The Academy courtyard emptied in uneven waves as students filtered out into the streets. Voices overlapped, complaints about drills dissolving into plans for dinner and evening play. Itachi walked through it without altering pace. No one tried to stop him.
He didn't replay the spar. He didn't replay the demonstration.
He replayed Daichi's words.
Strength exists to protect what matters.
Peace requires strength.
The idea was simple. Clean. It fit together.
But clean ideas were heavy when carried alone.
At the next intersection, Itachi didn't turn toward the Uchiha district immediately. He shifted his weight, leapt lightly to a rooftop, and moved without rushing. His footfalls were soft, measured, no unnecessary acceleration.

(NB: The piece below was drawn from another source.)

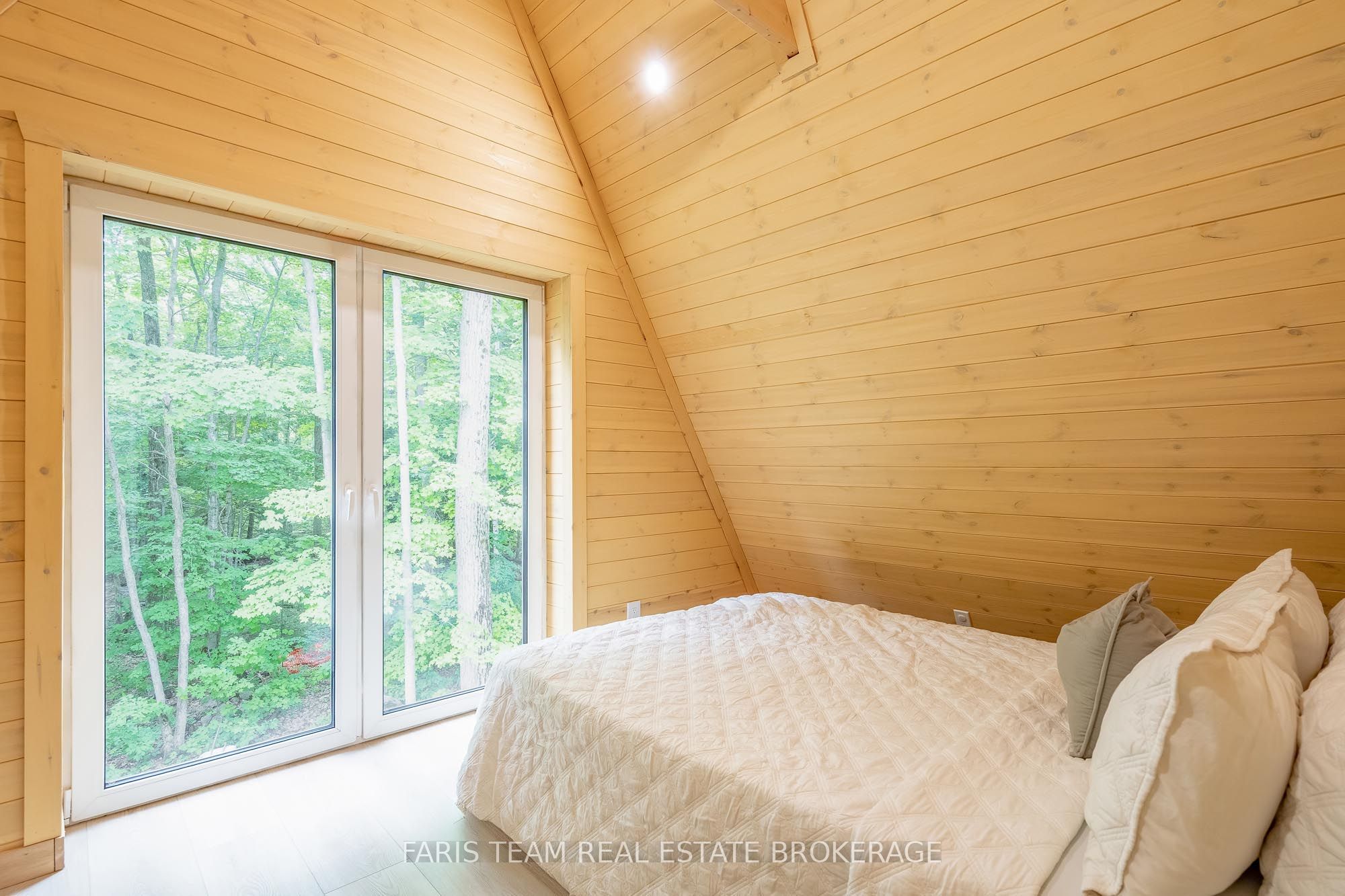 1490 Champlain Road Property Photo 18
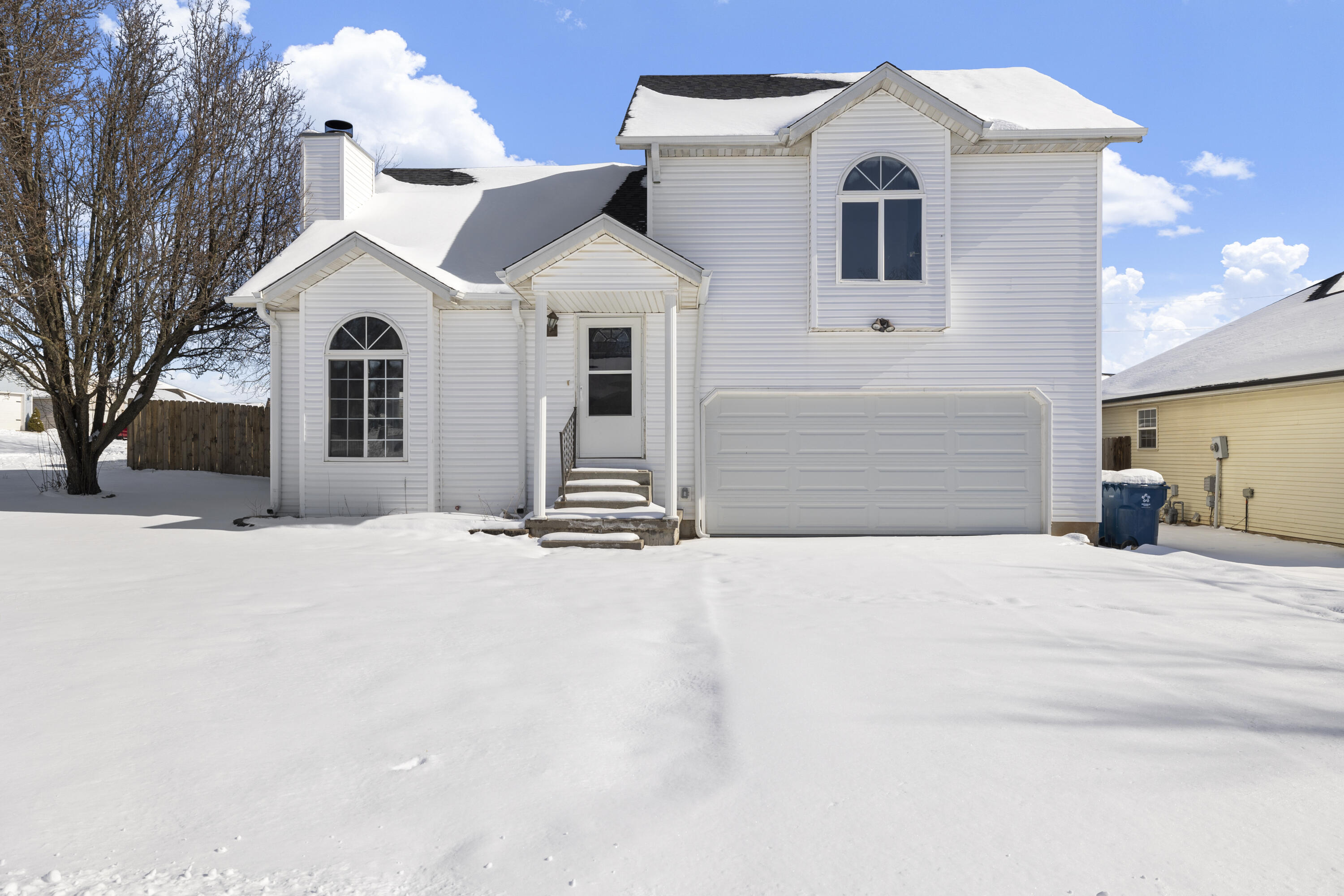 826 S Hickory Lane, Nixa MO 65714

The village thinned as he moved outward toward the treeline.
He wasn't wandering.
He was expected.
Shisui was already there.
The older boy stood near the riverbank, idly spinning a kunai around his finger while watching the current move around a half-submerged rock. He didn't look up when Itachi landed.
"You're late," Shisui said casually.
Itachi glanced at the sun's position. "I'm not."

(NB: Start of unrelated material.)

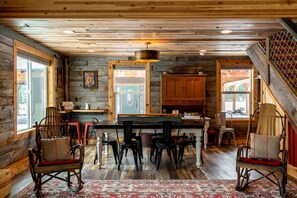 1 bedroom, premium bedding, iron/ironing board, travel cot - The Bunk House (West Yellowstone)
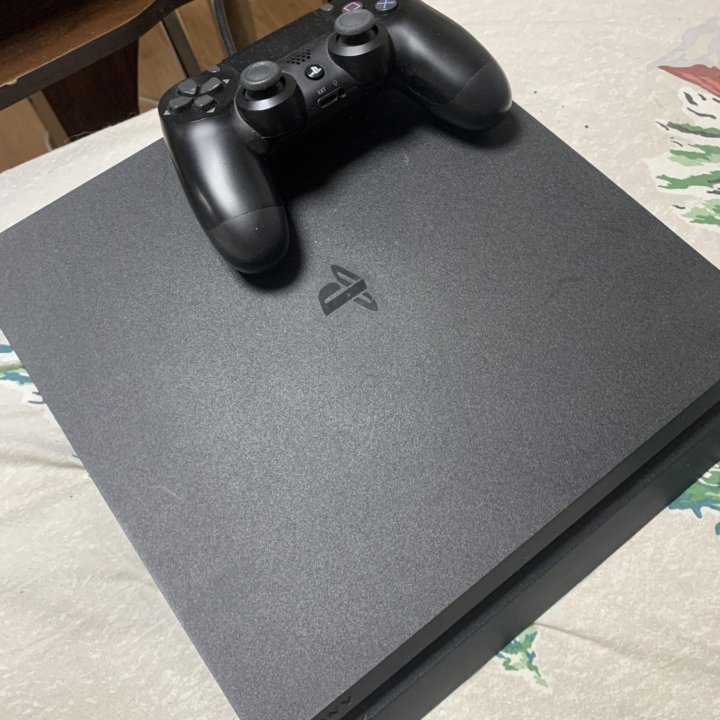 Продам PS4 + игры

Shisui grinned without turning. "Still counts."
Itachi stepped closer. There was no formal greeting. No bow. No performance. Just familiarity.
Shisui flicked the kunai once and caught it by the handle. "So. Academy."
"Yes."
"That bad?"
"It's structured."
Shisui finally looked at him, amused. "That's worse."
Itachi didn't respond.
Shisui gestured toward the small clearing where several wooden boards hung from thin wire, swaying slightly in the breeze. A few were carved into circles. Others were plain.
"Show me."
Itachi didn't need clarification.
He drew three shuriken and stepped forward. His breathing didn't change. His shoulders didn't rise. The first throw left his hand cleanly, striking the outer edge of a moving board just as it tilted away. The second curved slightly on release, catching a different board mid-swing. The third hit center on a rotating target that had almost aligned with the sun.
No wasted motion.
The boards continued moving.
Shisui watched without comment.
Itachi drew again, this time adjusting for wind without looking at the leaves to measure it. His wrist snapped sharply, then settled. The hits were consistent. Efficient.

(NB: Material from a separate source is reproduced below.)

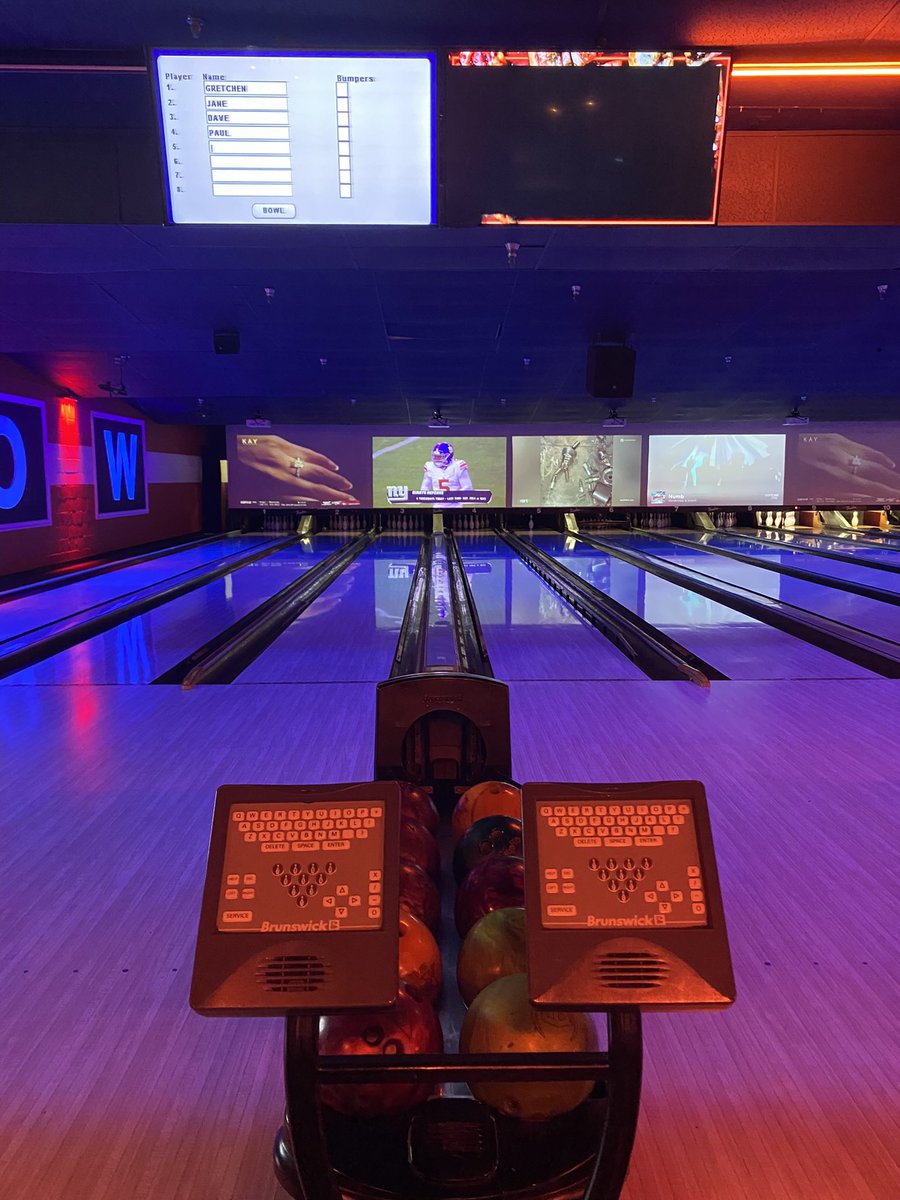 Fun times bowling w/friends 🎳 A sport that has not been played in years😊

Shisui tilted his head slightly.
"You fix mistakes too fast," he said.
Itachi glanced at him.
"You miss by a hair, and you correct like you missed by a mile."
Itachi considered that. "If I don't, it spreads."
Shisui chuckled. "Yeah, but overcorrection makes you stiff."
He stepped forward and flicked two stones at different boards without drawing a weapon. Both struck with lazy accuracy.
"You're thinking too much before you throw." Shisui continued. "Sometimes you just let it breathe."
Itachi didn't argue.
He threw again.
This time, he let the release carry without tightening his shoulder afterward. The shuriken curved naturally with the board's swing and struck closer to center.
Shisui's grin widened slightly. "See?"
He moved then, not quickly, not dramatically, just shifting his weight and throwing while stepping sideways. The shuriken left his hand mid-motion, striking a smaller target Itachi hadn't even noticed had been tied higher in the tree.
Effortless.
That was the difference.
Itachi's were clean.
Shisui's felt loose.
Shisui suddenly closed distance without warning, not using full body flicker, just stepping in faster than expected. Itachi pivoted immediately, guard rising, eyes tracking. He anticipated the first angle.
Shisui shifted mid-step.
Itachi adjusted again.
For a fraction of a second, he almost read it.
Almost.
Shisui's fingers tapped his shoulder lightly before Itachi completed the counter.
"Too serious," Shisui said, stepping back.
Itachi lowered his guard slowly. "If I'm not serious, someone gets hurt."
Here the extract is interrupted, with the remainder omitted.